| PROBLEM TO WORK ON |
Repeat every record word for word and omit the images.
━━━ INPUT ━━━
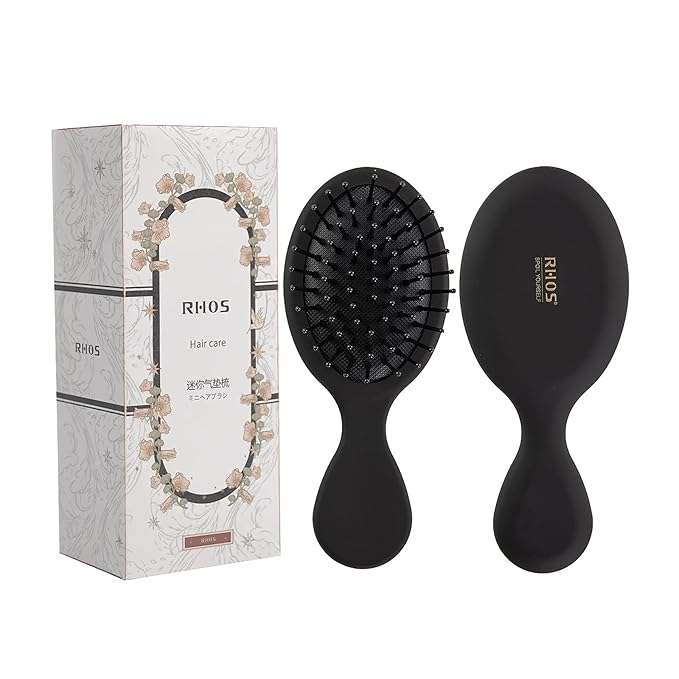 RHOS Mini Hair Brush for Women,Men and Kids-Travel Size Hair Brush for Purse,Pocket,backpack-Small Cushion Paddle Brush with Soft Bristles-Mini Detangler Brush for All Hair Types(1 Pack-Black)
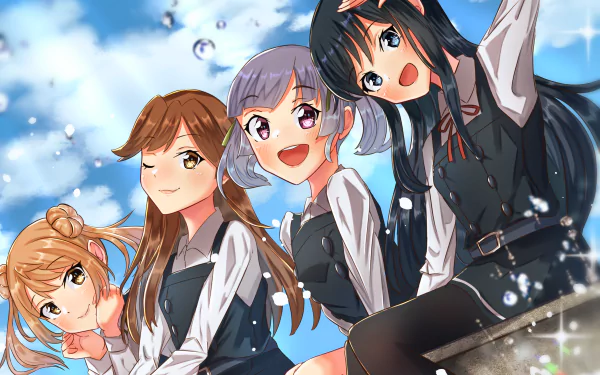 Four anime girls from Kantai Collection (Kancolle) - Arashio, Asashio, Michishio, and Ooshio, featured in a vibrant and detailed HD desktop wallpaper background.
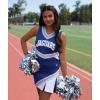 imagechass Cheerleading Uniform Skirt for Girls  Blaze Boost Fitted Asymmetrical Pleat Cheerleader OutfitNavyWhiteMetallic Silver  Youth Size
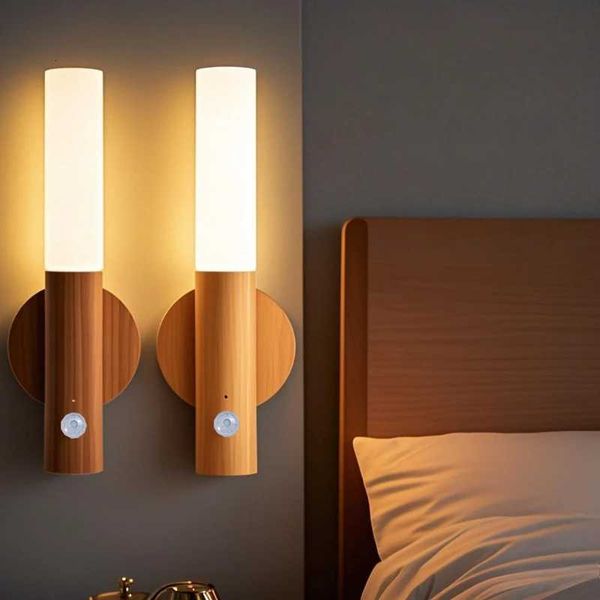 LED Night Light USB Charging Intelligent Human Induction For Bedside Cabinet Home Wardrobe Lighting Motion Sensor Light Led Lamp X251203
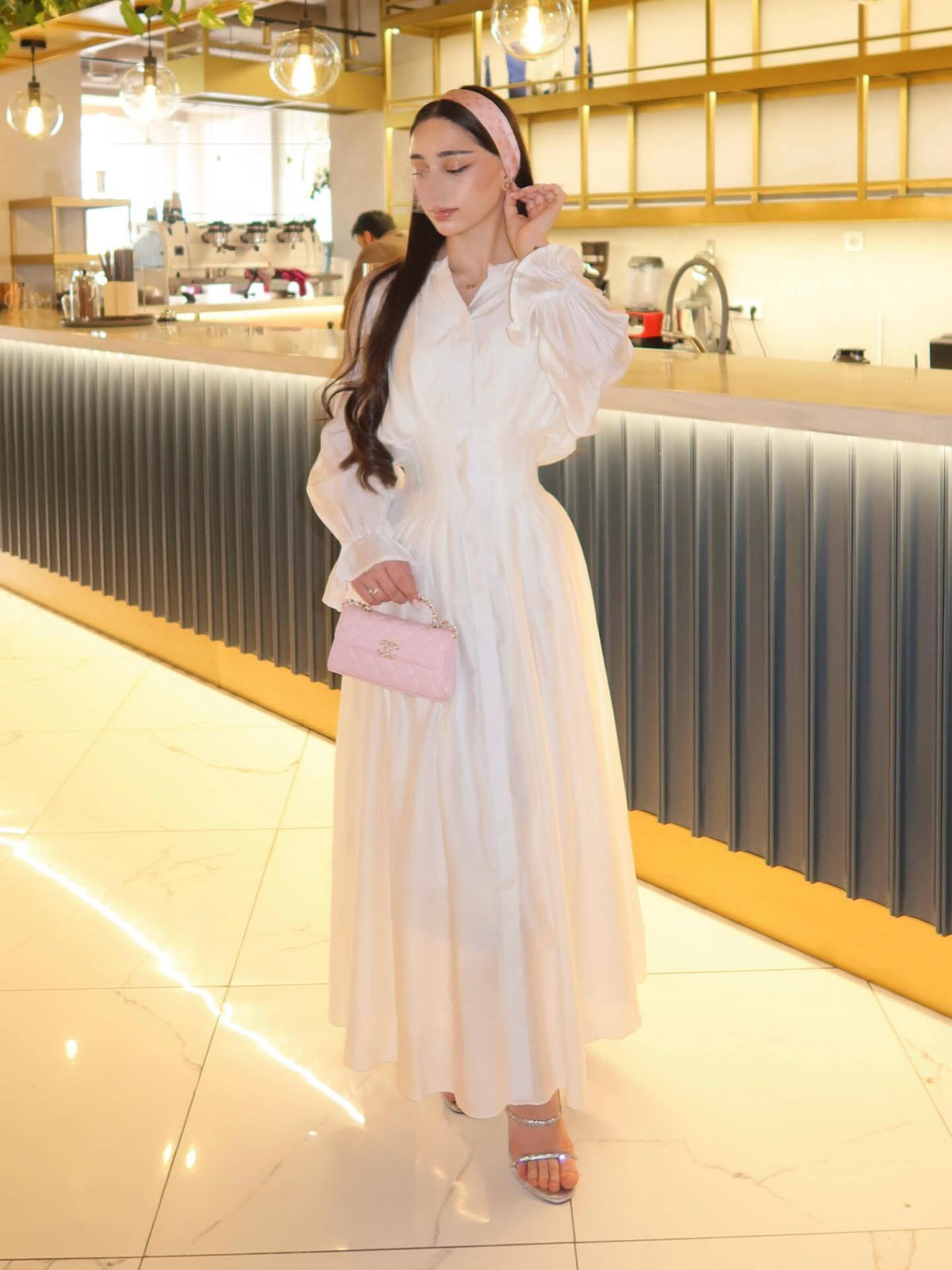 Puff Long Sleeve Gathered Waist Button Front Flowy Dress by Ricaloux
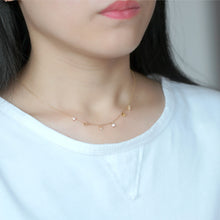 Load image into Gallery viewer, 925 Sterling Silver Plated Gold Simple and Delicate Star Necklace with Cubic Zirconia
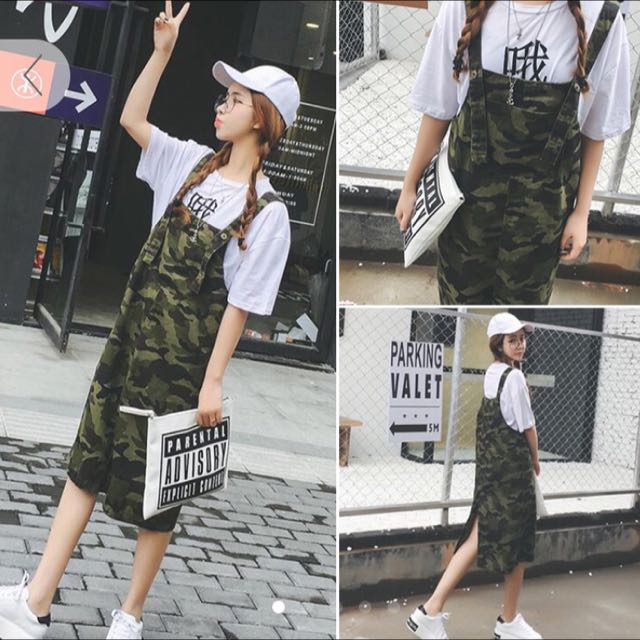camo dungaree dress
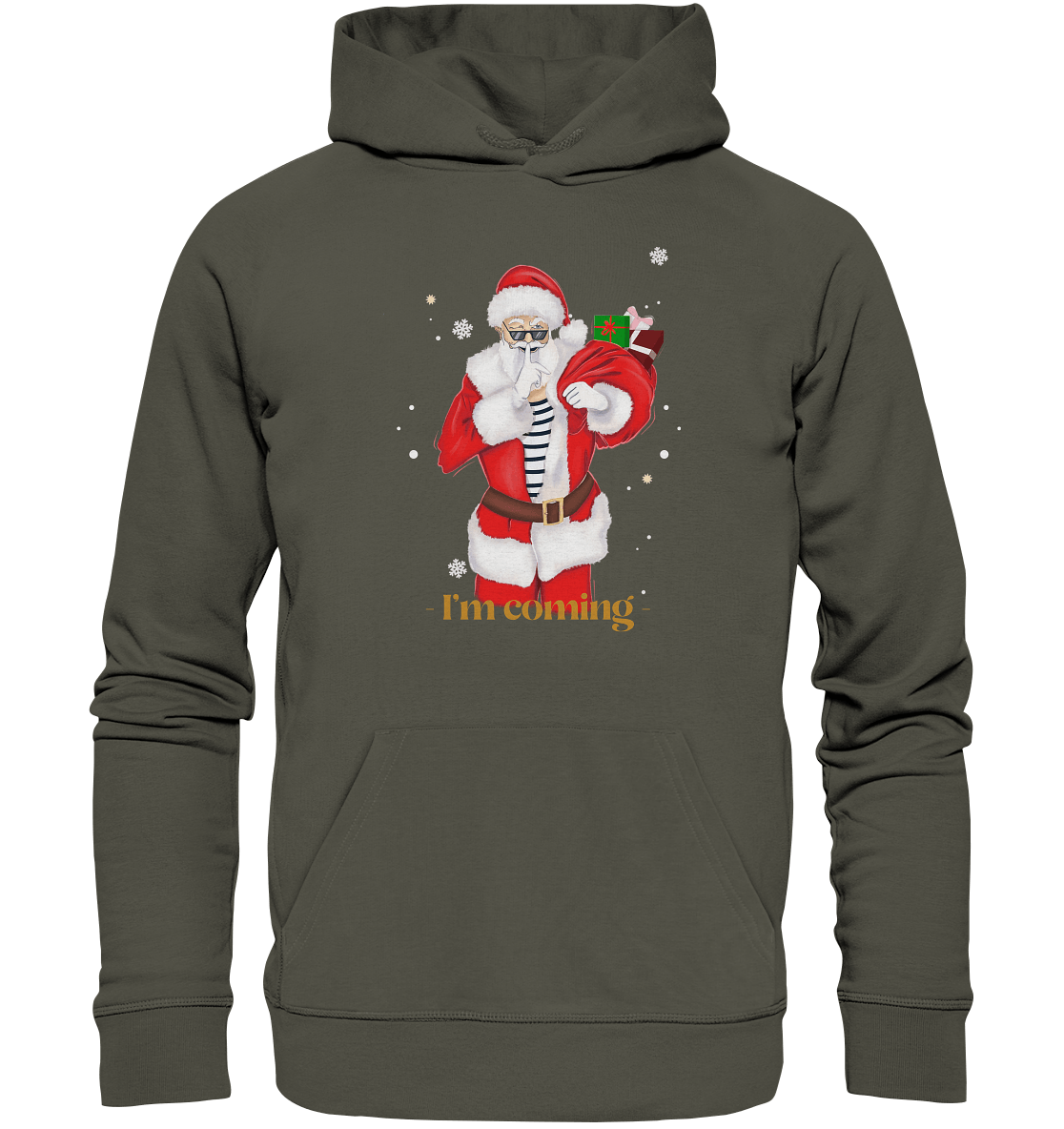 Weihnachtspullover mit Weihnachtsmann in khaki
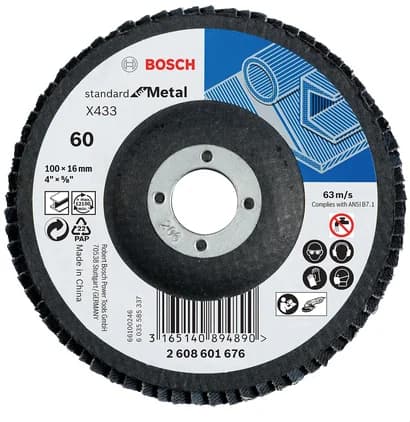 بوش X433 Standard for Metal Flap Disc 100 mm, G60 قرص تجليخ — X433 Standard for Metal Flap Disc 100 mm, G60
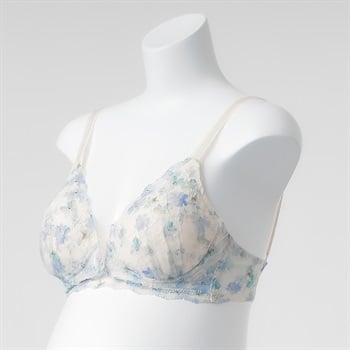 花柄レース ノンワイヤー モールドカップブラジャー 産前～授乳期 マタニティ(アイボリー-マタニティＭ)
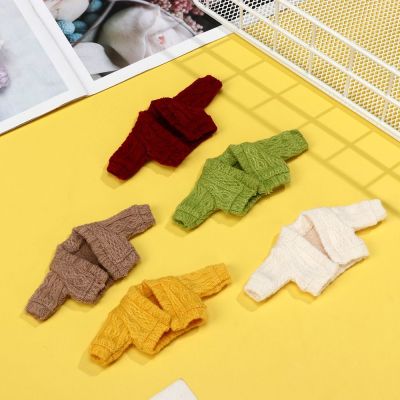 Doll Handmade Multicolored Mini Knitted Sweater Cardigans For OB11 Dolls Accessories Tops Casual Dress Clothes for 1/11 1/12 Do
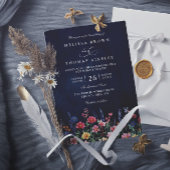 Wildflower Rustic Boho Navy Chic QR Code Wedding 招待状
━━━
| EXERCISE SOLUTION |
 RHOS Mini Hair Brush for Women,Men and Kids-Travel Size Hair Brush for Purse,Pocket,backpack-Small Cushion Paddle Brush with Soft Bristles-Mini Detangler Brush for All Hair Types(1 Pack-Black)
 Four anime girls from Kantai Collection (Kancolle) - Arashio, Asashio, Michishio, and Ooshio, featured in a vibrant and detailed HD desktop wallpaper background.
 imagechass Cheerleading Uniform Skirt for Girls  Blaze Boost Fitted Asymmetrical Pleat Cheerleader OutfitNavyWhiteMetallic Silver  Youth Size
 LED Night Light USB Charging Intelligent Human Induction For Bedside Cabinet Home Wardrobe Lighting Motion Sensor Light Led Lamp X251203
 Puff Long Sleeve Gathered Waist Button Front Flowy Dress by Ricaloux
 Load image into Gallery viewer, 925 Sterling Silver Plated Gold Simple and Delicate Star Necklace with Cubic Zirconia
camo dungaree dress
 Weihnachtspullover mit Weihnachtsmann in khaki
 بوش X433 Standard for Metal Flap Disc 100 mm, G60 قرص تجليخ — X433 Standard for Metal Flap Disc 100 mm, G60
 花柄レース ノンワイヤー モールドカップブラジャー 産前～授乳期 マタニティ(アイボリー-マタニティＭ)
 Doll Handmade Multicolored Mini Knitted Sweater Cardigans For OB11 Dolls Accessories Tops Casual Dress Clothes for 1/11 1/12 Do
 Wildflower Rustic Boho Navy Chic QR Code Wedding 招待状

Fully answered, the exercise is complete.